Task brief =>
Give back exactly the lines from the "Illustration of how" line to the final line of the records, and only those, minus any pictures.

Data supplied =>

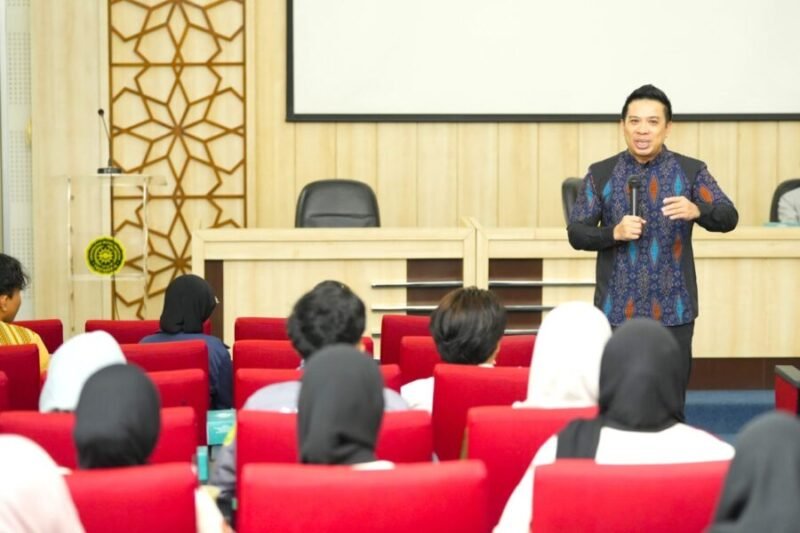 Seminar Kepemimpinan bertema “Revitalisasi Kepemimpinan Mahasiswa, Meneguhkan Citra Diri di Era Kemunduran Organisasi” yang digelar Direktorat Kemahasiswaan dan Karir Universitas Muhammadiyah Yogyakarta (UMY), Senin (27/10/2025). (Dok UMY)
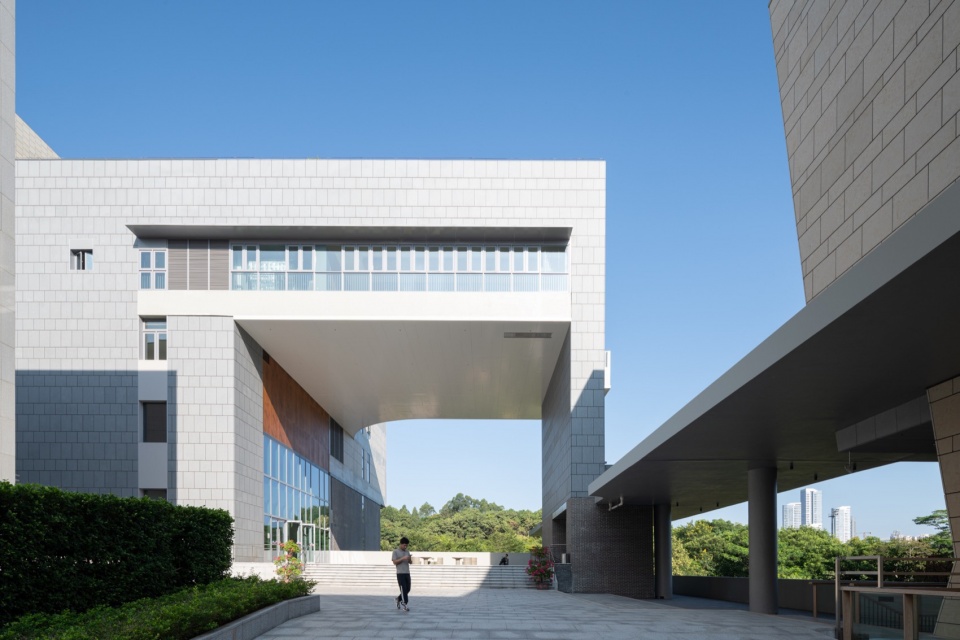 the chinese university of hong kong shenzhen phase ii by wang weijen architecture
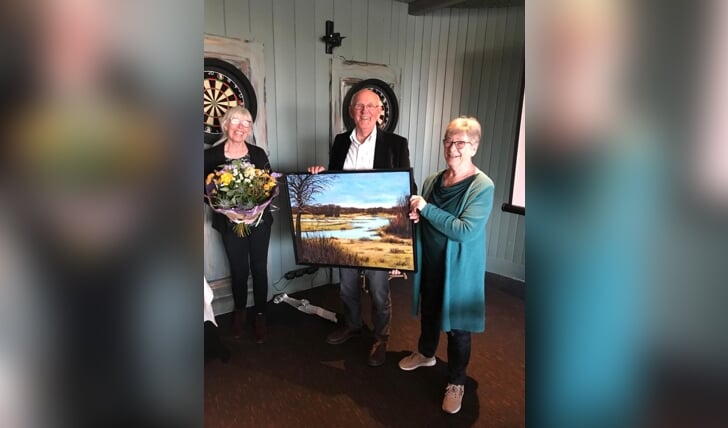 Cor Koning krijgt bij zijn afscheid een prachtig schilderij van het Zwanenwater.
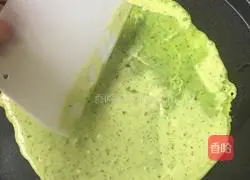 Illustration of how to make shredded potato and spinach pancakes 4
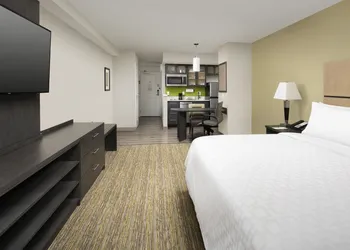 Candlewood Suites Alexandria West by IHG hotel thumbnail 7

Answer to this exercise =>
 Illustration of how to make shredded potato and spinach pancakes 4
 Candlewood Suites Alexandria West by IHG hotel thumbnail 7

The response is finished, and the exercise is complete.